**TASK DATA**
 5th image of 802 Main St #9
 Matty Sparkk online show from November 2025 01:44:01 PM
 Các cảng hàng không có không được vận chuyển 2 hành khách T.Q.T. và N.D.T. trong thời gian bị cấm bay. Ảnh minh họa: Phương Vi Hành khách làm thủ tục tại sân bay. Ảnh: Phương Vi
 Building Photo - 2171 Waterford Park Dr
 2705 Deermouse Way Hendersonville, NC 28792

==

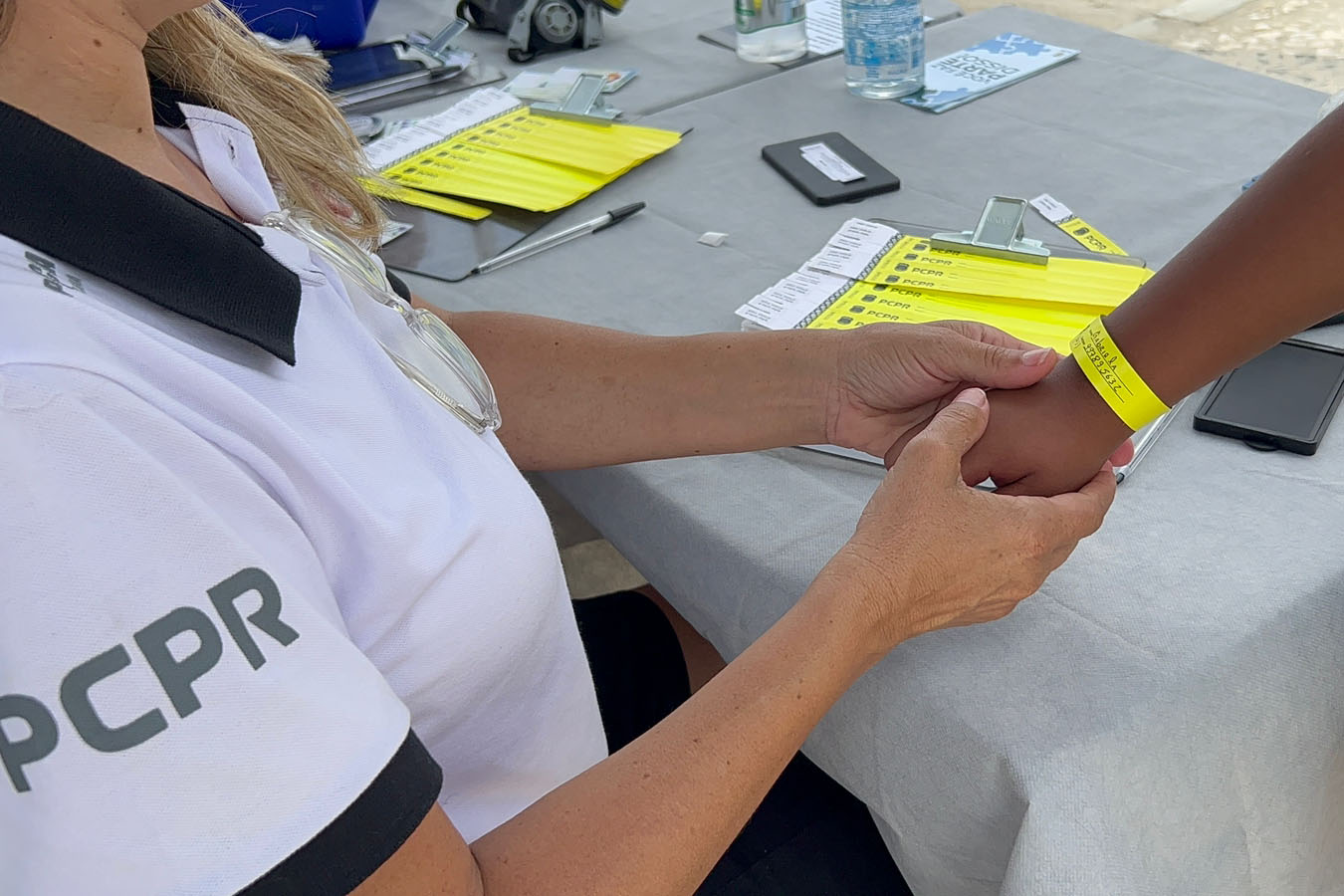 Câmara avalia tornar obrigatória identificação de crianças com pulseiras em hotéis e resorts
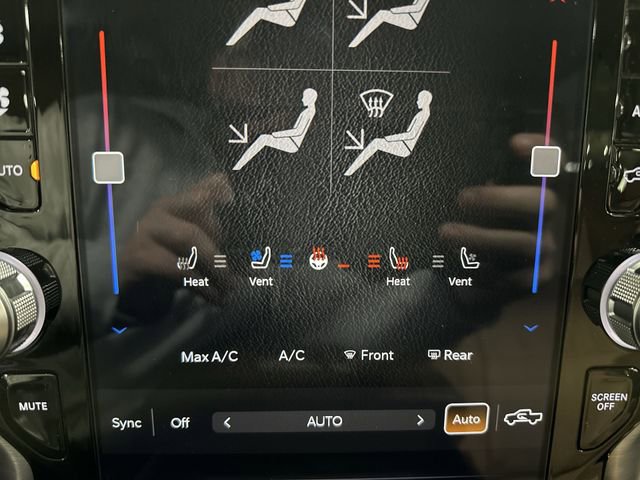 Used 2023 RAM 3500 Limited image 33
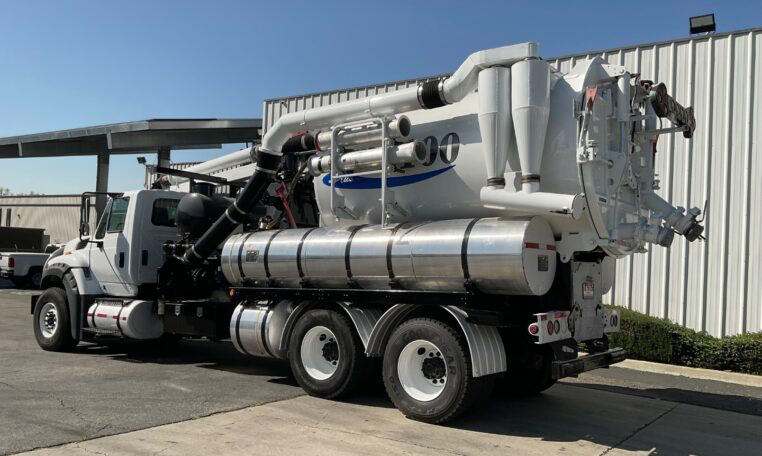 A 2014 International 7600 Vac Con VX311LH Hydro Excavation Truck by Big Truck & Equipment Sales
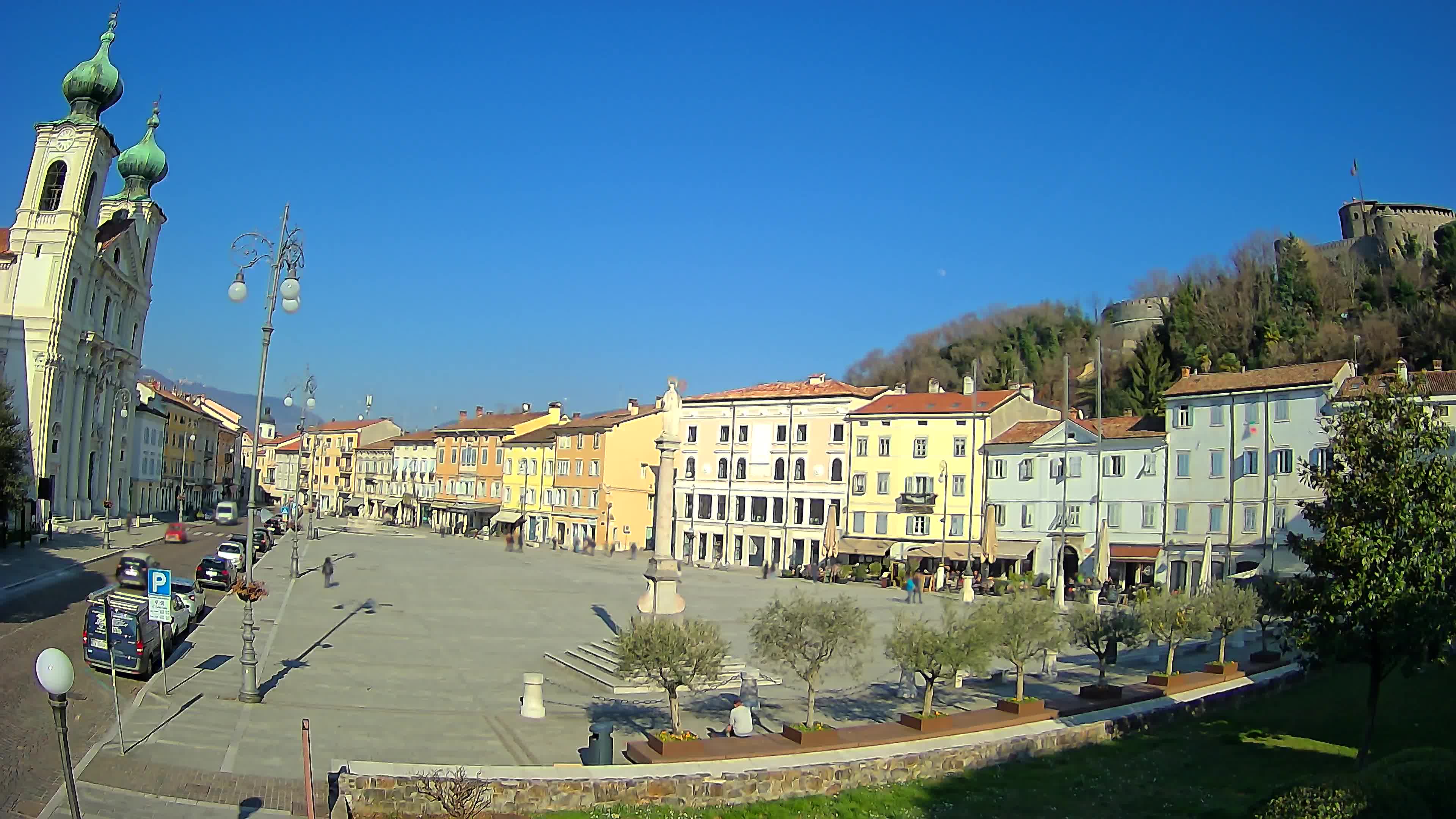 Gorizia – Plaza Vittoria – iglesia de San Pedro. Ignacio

==

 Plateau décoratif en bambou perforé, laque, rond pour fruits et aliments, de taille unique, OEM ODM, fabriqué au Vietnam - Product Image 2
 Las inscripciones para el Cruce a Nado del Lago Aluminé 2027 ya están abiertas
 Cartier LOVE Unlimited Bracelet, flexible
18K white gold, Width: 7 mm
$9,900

**YOUR INSTRUCTIONS**
The material above holds pictures; leave them out and set down exactly the lines from the line with "A 2014 International" to the line with "Gorizia – Plaza", both included.

**WRITTEN ANSWER**
 A 2014 International 7600 Vac Con VX311LH Hydro Excavation Truck by Big Truck & Equipment Sales
 Gorizia – Plaza Vittoria – iglesia de San Pedro. Ignacio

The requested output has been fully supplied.